PBOL: Did you think at 70 or 71 you'd be singing and dancing on Broadway?
JC: Yes, but if I were 105 I think I would. I was gonna go do King Lear and my agent and my wife both said, "You've been in musical comedy so long — how often do you get to do original material, particularly at your age?" That makes it very exciting. I've done revivals all my life, but I can count on my hands the original material that I've done. You're lucky if you have two of them in your life, and I've had five.

PBOL And prior to Camelot in 1960 you were a Shakespearean actor.
JC: That's kinda why they hired me. They hired me to be Richard Burton's understudy.

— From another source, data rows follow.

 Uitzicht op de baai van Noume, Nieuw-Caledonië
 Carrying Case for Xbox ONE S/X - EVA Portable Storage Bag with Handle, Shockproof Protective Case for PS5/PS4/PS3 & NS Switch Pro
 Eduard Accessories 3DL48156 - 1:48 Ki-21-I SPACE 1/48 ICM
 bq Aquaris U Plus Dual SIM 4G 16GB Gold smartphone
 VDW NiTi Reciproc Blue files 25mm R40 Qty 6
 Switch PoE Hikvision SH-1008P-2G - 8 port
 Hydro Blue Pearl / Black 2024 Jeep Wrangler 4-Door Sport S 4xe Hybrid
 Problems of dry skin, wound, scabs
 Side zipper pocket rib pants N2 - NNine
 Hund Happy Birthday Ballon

That's how I got into musical comedy — the back door.

PBOL: Did you study?
JC: I studied at the University of Tennessee. I really didn't plan to be an actor. I was working on a master's degree in finance when I finally decided to give [acting] a shot. We never did any Shakespeare in Tennessee, but we did all the modern stuff. I did the 50th revival of All My Sons by Arthur Miller, which I had played 47 years before in college. We did Arthur Miller, Inge and Odets — anything that was on Broadway, we did it within the next year or so down at the University of Tennessee, but we never did anything Shakespearean. I got to New York City and the only thing that I could get an audition for was Shakespeare, and it covered my Southern accent. Nobody knew I was from the South when I was speaking Shakespeare. My first [New York] show was Hamlet, and from then I stayed in Shakespeare. I was working in the park with Joe Papp when somebody saw me do the Chorus in Henry V. When I went to audition for Camelot they said, "That guy's a Shakespearean actor!" I couldn't sing worth a damn, but they hired me to be Richard's understudy.

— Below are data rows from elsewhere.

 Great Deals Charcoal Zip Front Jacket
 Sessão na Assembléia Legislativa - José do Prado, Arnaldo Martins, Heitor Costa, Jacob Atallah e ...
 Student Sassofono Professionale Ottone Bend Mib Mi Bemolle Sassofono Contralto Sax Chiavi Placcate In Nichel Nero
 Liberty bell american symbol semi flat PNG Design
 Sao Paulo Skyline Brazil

PBOL: But you do sing amazingly well, and you have. Are you faking it?
JC: [Laughs.] From the age of 30 to 36 was when my voice developed. I had studied in college but I never got any good. I wasn't serious about it. It didn't really interest me. I was more of a dancer than a singer. But when I got to New York...I didn't even know a song all the way through. I just knew the last 16 bars of "The Street Where You Live." That's all I ever sang. And not very well. I was standing by for Richard Burton and Roddy McDowall in Camelot and Alan Jay Lerner came up to me and said, "Listen, John, we don't like the guy who is standing by for Bob Goulet [as Lancelot], we want you to audition for that." I said, "I can't do that role. If you give me a few months to work on my voice — " He said he wanted me to audition for it. So I auditioned for him and he came up to me and looked me in the eye and said, "You know, you're absolutely right, you don't sing well enough." He sent me to a teacher and I studied with that teacher for the next 30 years. From Camelot to Clear Day [another Lerner show], I developed a much better singing style.

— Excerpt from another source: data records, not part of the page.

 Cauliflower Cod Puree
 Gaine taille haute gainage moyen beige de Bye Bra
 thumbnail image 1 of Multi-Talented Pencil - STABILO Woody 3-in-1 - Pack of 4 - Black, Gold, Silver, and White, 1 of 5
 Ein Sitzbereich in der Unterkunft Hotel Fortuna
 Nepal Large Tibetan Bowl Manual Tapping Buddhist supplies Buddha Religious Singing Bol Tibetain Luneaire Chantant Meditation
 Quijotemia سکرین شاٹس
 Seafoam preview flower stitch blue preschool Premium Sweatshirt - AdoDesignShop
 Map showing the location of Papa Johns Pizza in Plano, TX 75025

PBOL: You would have been perfectly happy doing non musical roles throughout your career?
JC: Certainly that's the way I felt then. But there's nothing as exciting as musicals. Shakespeare is terrific, it's wonderful and a whole new area and a different dimension of acting. But there is nothing as exciting as musical comedy — the singing and the acting.

PBOL: What's the richest musical theatre experience you've had?
JC: There are terrific musical parts. I was Kiley's alternate in Man of La Mancha. Not many people know that. I used to play the matinees. That's an exciting role to play. The toughest one I ever did and never got to play it again was in Kiss Me, Kate.

PBOL: Everything I hear about you from your colleagues is that you're a true ensemble player, that you're not a bully or an egomaniac in the process. Does that approach come with age and experience?
JC: I'm just what I am. It could be considered a flaw. I never thought of it any other way. It always seems like something we all do together. That's the way I approach roles: I'm part of an ensemble that's telling a story. I like other people. I like to watch what they do. It brings me pleasure. I suppose I get jealous — but I get more excited than I get jealous when I see somebody good. I like to do things with people and I love to discover. The great pleasure in it, to me, is discovering stuff and finding what works. I have fun. I like actors and I guess I try to make them like me.